DataLoader

class dgl.graphbolt.DataLoader(datapipe, num_workers=0, persistent_workers=True, overlap_feature_fetch=True, overlap_graph_fetch=False, max_uva_threads=6144)[source]

Bases: DataLoader

Multiprocessing DataLoader.

Iterates over the data pipeline with everything before feature fetching (i.e. dgl.graphbolt.FeatureFetcher) in subprocesses, and everything after feature fetching in the main process. The datapipe is modified in-place as a result.

When the copy_to operation is placed earlier in the data pipeline, the num_workers argument is required to be 0 as utilizing CUDA in multiple worker processes is not supported.

Parameters:
  • datapipe (DataPipe) – The data pipeline.

  • num_workers (int, optional) – Number of worker processes. Default is 0.

  • persistent_workers (bool, optional) – If True, the data loader will not shut down the worker processes after a dataset has been consumed once. This allows to maintain the workers instances alive.

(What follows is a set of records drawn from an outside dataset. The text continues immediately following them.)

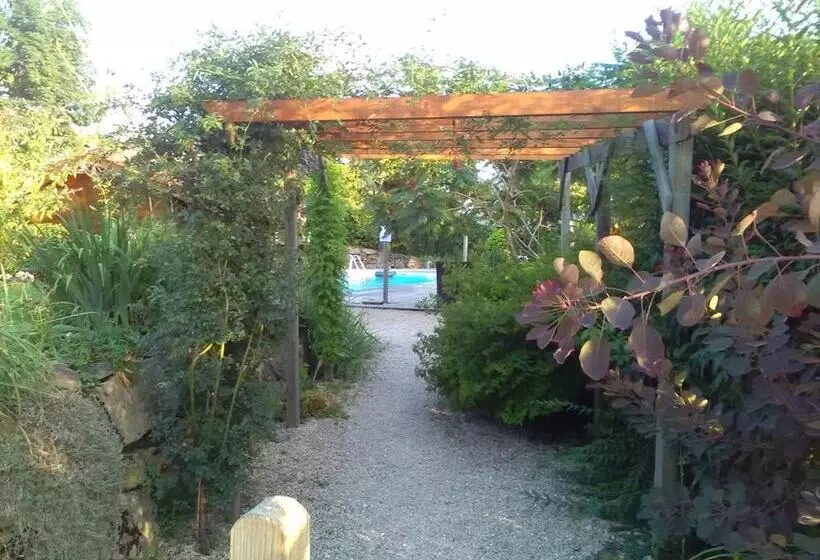 Aamiaismajoitus (B&B) Chambres D Hôtes St Jacques Adults Only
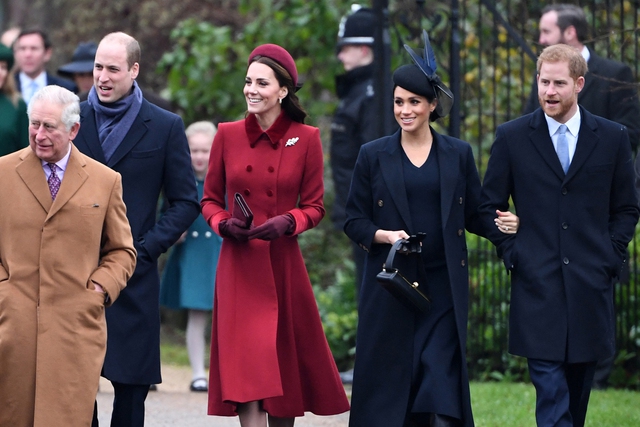 Các con của Hoàng tử Harry - Meghan Markle không biết ông nội là Vua Anh? - Ảnh 1.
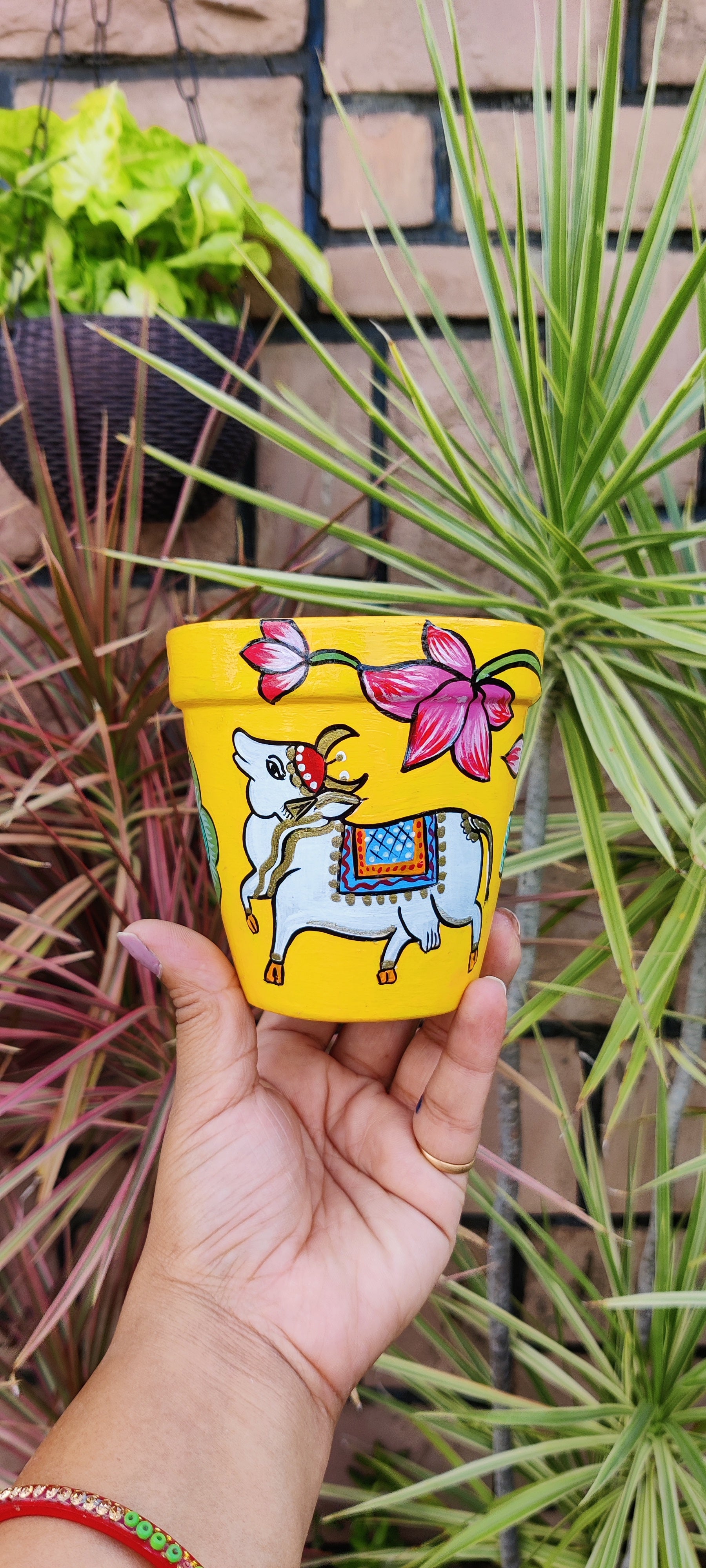 Pitchwai Yellow Cow Planter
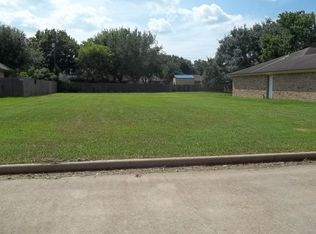 2808 N Remington Dr, Angleton, TX 77515
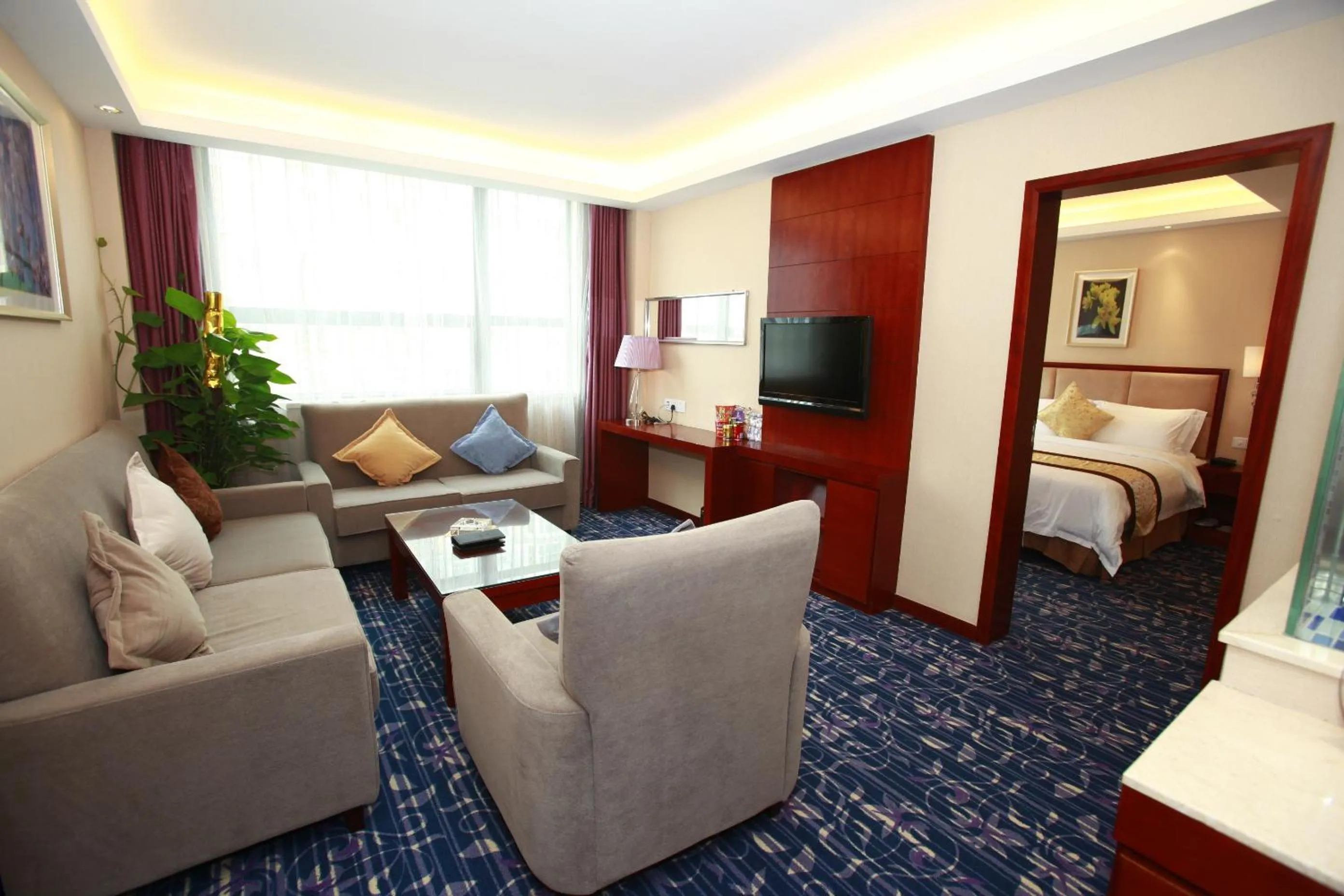 Photo of the whole room, Bed in Sentosa Hotel Shenzhen Majialong Branch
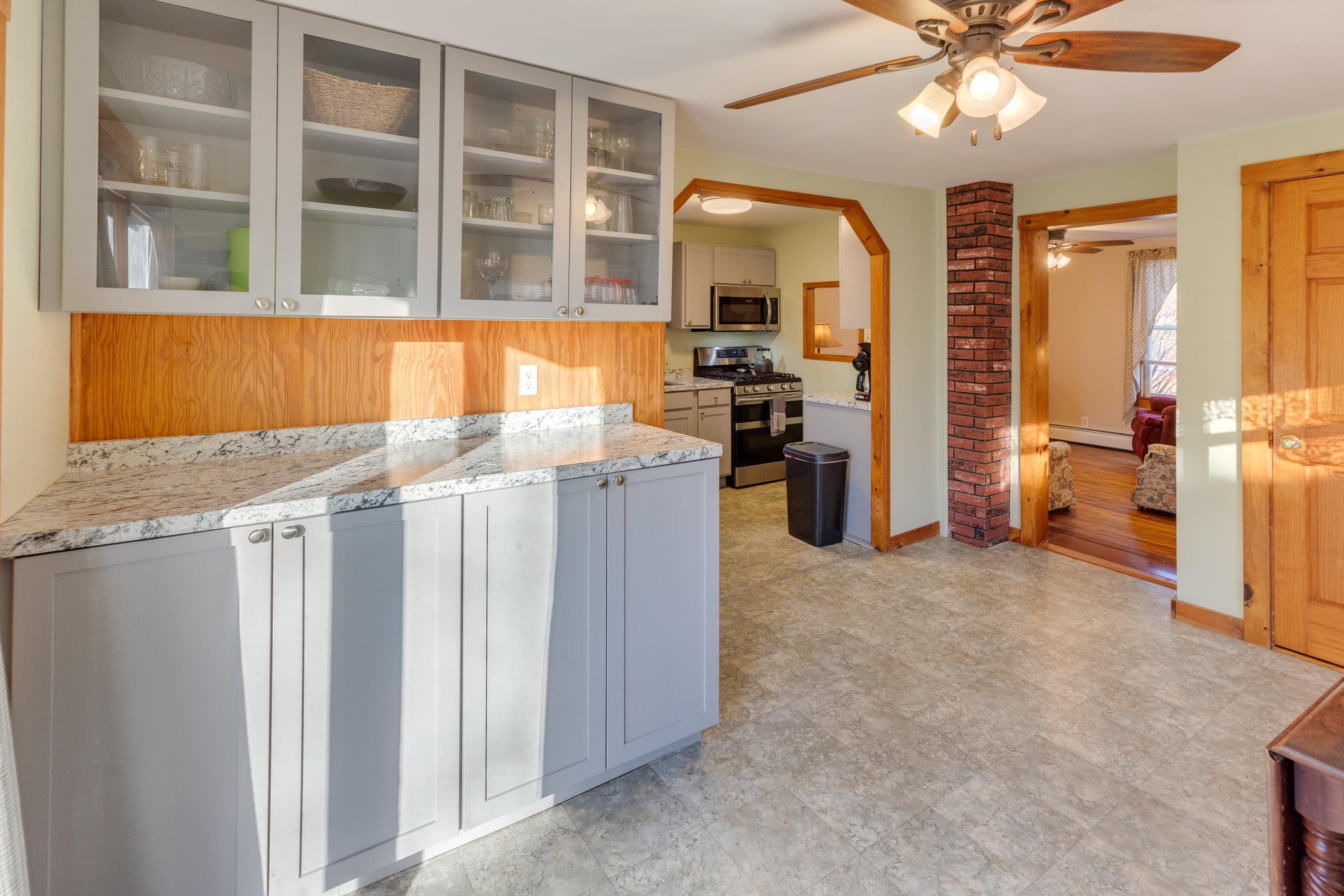 59 Parker Rd, Carroll, NH 03598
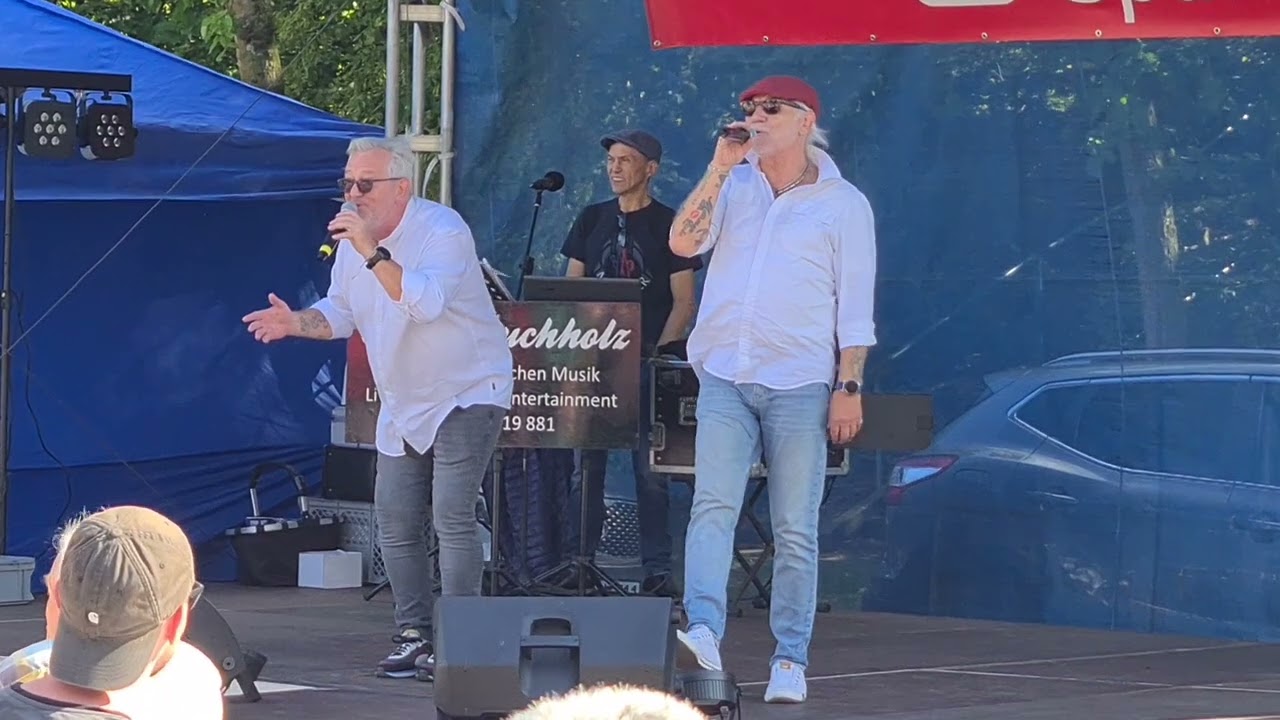 Die Rabottis - Schneeglöckchen im Februar 26.08.2023 am Uhlenkrug in Essen (kurz Video)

  • overlap_feature_fetch (bool, optional) – If True, the data loader will overlap the UVA feature fetcher operations with the rest of operations by using an alternative CUDA stream. Default is True.

  • overlap_graph_fetch (bool, optional) – If True, the data loader will overlap the UVA graph fetching operations with the rest of operations by using an alternative CUDA stream. Default is False.

  • max_uva_threads (int, optional) – Limits the number of CUDA threads used for UVA copies so that the rest of the computations can run simultaneously with it. Setting it to a too high value will limit the amount of overlap while setting it too low may cause the PCI-e bandwidth to not get fully utilized. Manually tuned default is 6144, meaning around 3-4 Streaming Multiprocessors.